**Supplied material**.
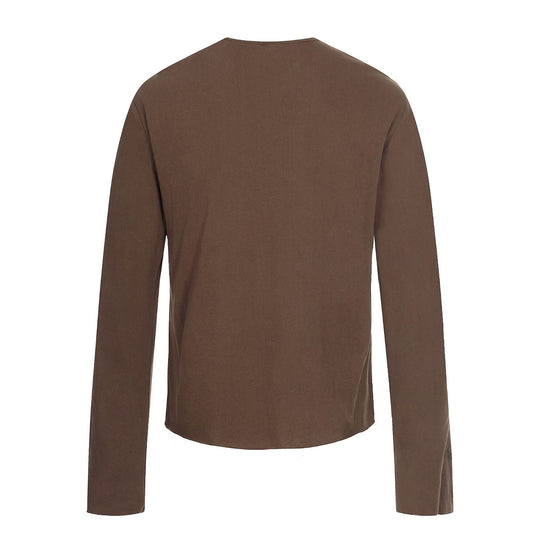Herren Langarm-Henleyshirt mit asymmetrischer Knopfleiste und leichtem Relaxed Fit Nord Taschen
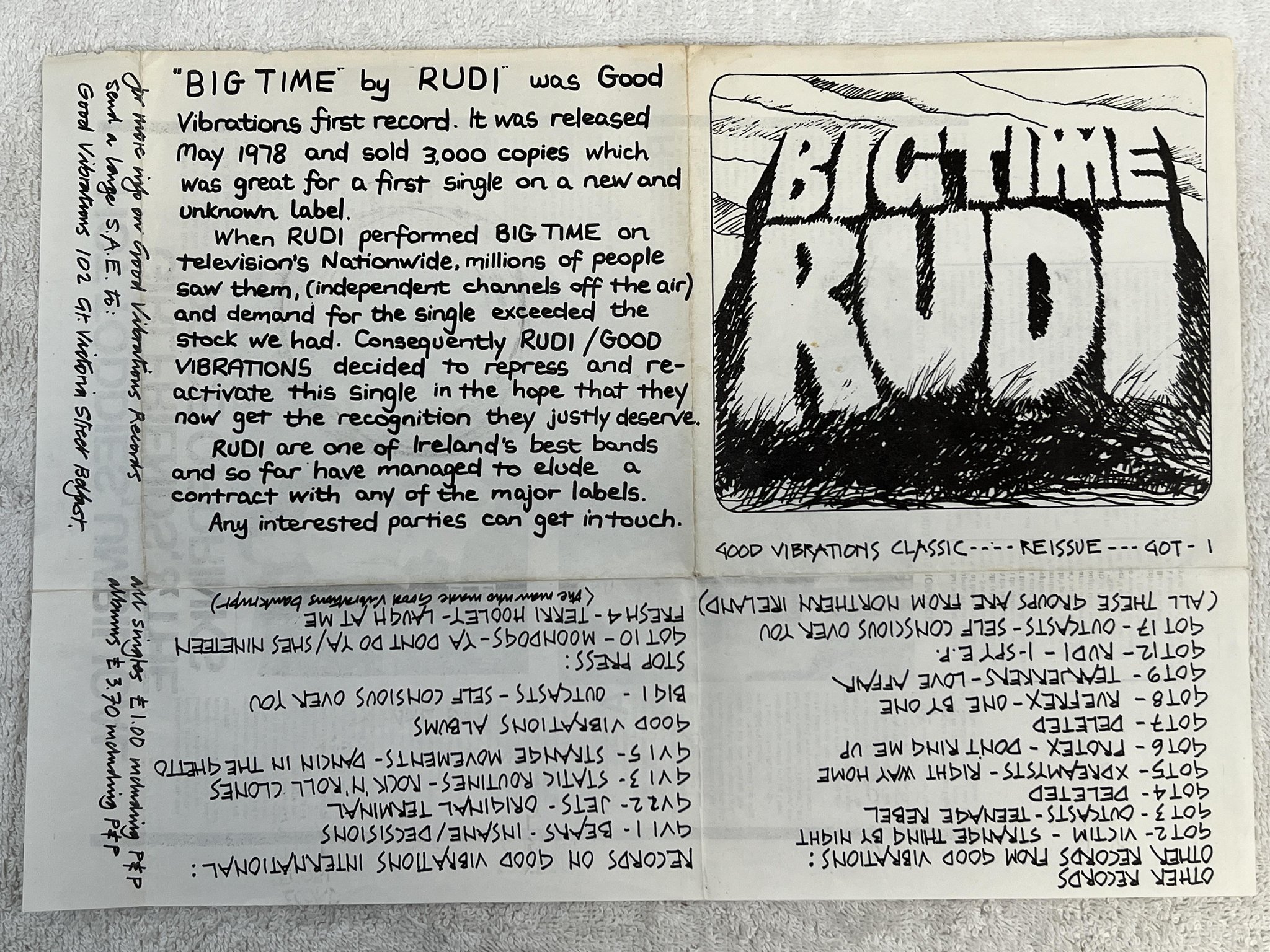 Omslagsbild för skivan RUDI Big Time 7" -79 re UK GOOD VIBRATIONS GOT 1 *** NEW WAVE / PUNK ***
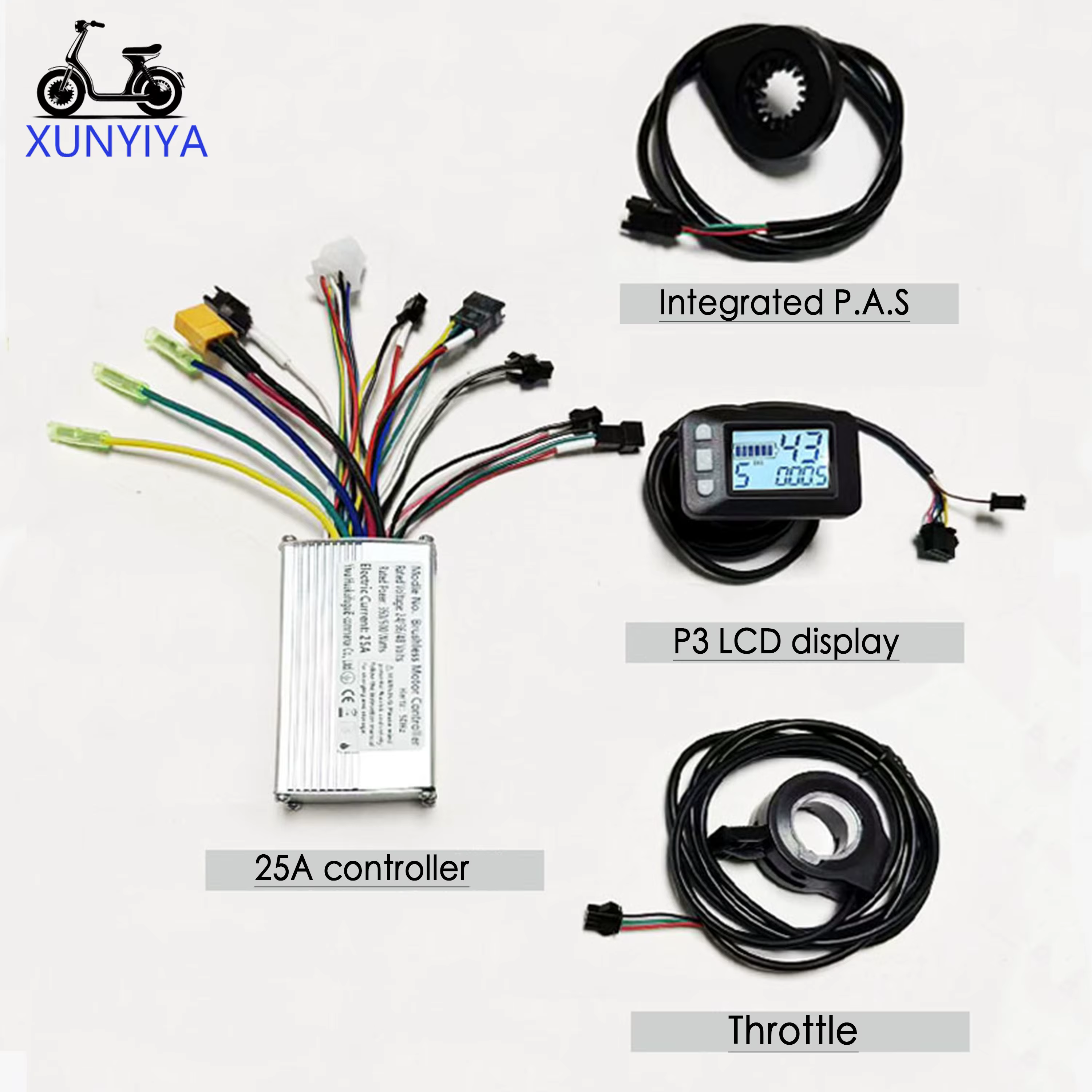 Contrôleur de moteur sans balais pour vélo électrique 25A 24V/36V/48V 350W-500W avec accélérateur P.A.S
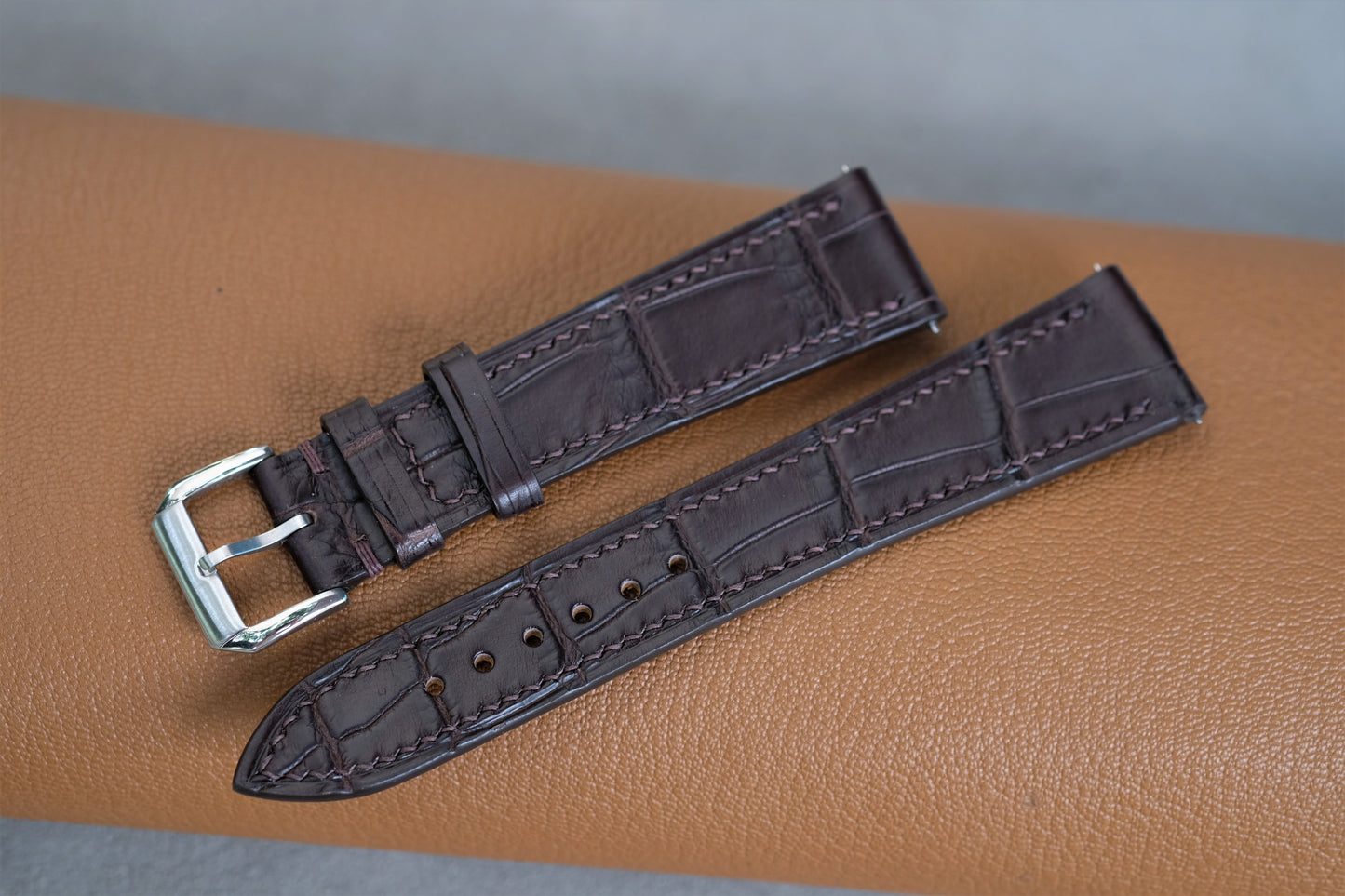 Chocolate Alligator Leather Watch Strap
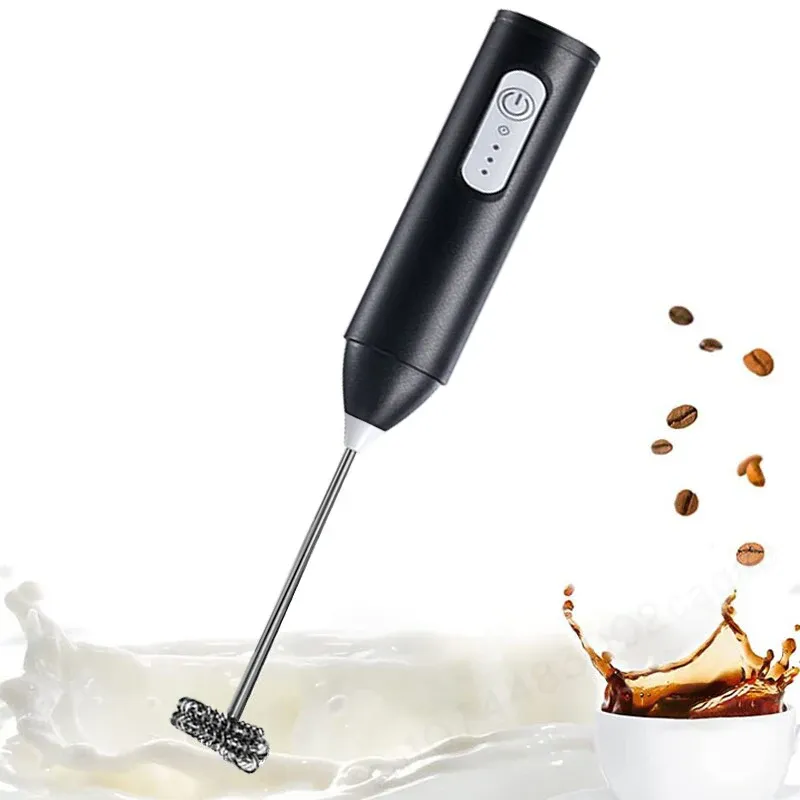 Mousseur à lait électrique sans fil rechargeable USB-C en acier inoxydable, mini fouet à main pour café et cappuccino 11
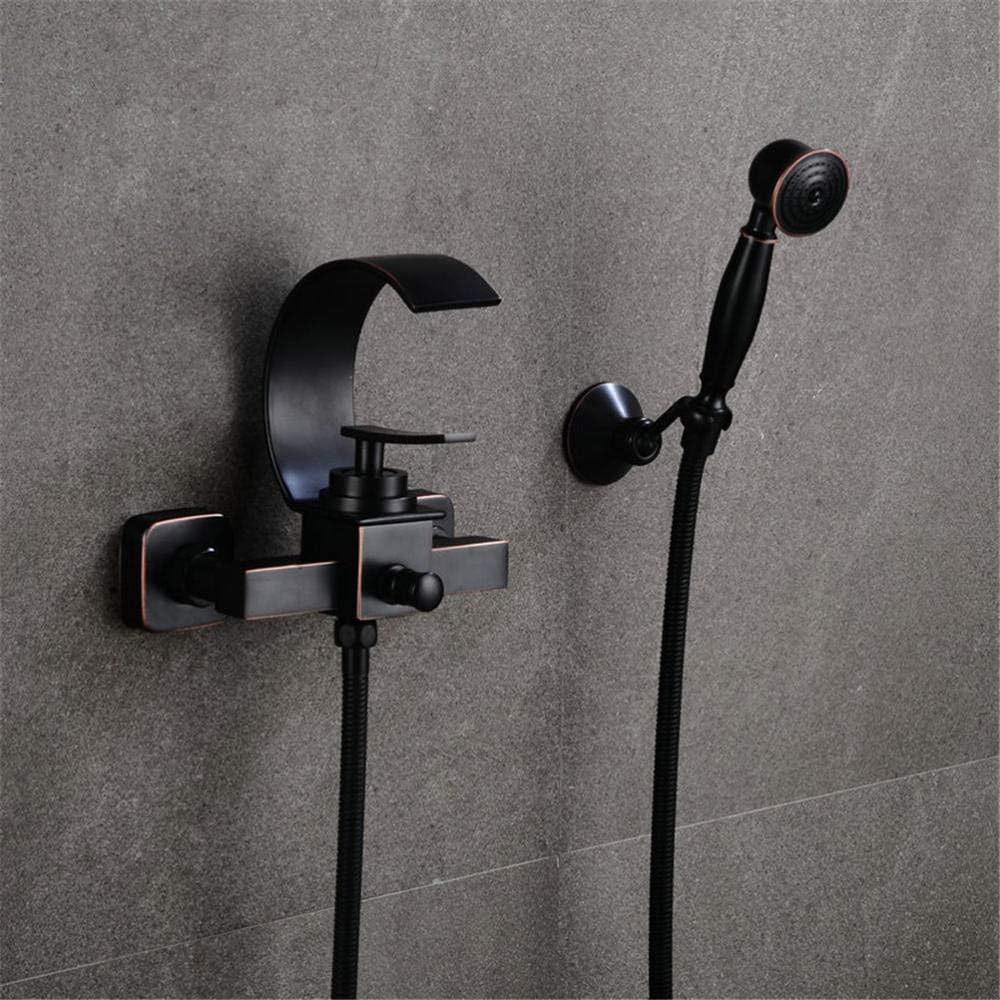 Shower System Waterfall Bathtub Shower Faucet Set Black Bathtub Mixer Tap Dual Contral Shower Wall Mounted Shower Faucet-Black
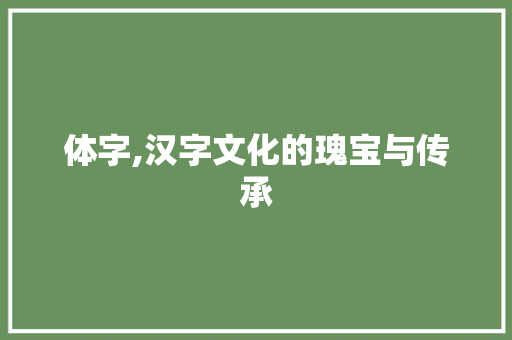 体字,汉字文化的瑰宝与传承
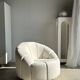 Large white circular armchair, white fabric upholstery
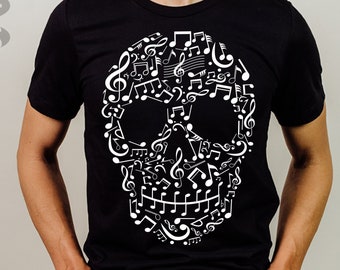 Music SVG File Skull Face Musical Notes SVG Graphic Art – Music Player SVG File Musicians Music Lover Graphic Art instant downloads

**Problem description**. Only the lines from the one with "体字,汉字文化的瑰宝与传承" through the end of the listing should be transcribed, exactly and without pictures.

**Answer section**.
 体字,汉字文化的瑰宝与传承
 Large white circular armchair, white fabric upholstery
 Music SVG File Skull Face Musical Notes SVG Graphic Art – Music Player SVG File Musicians Music Lover Graphic Art instant downloads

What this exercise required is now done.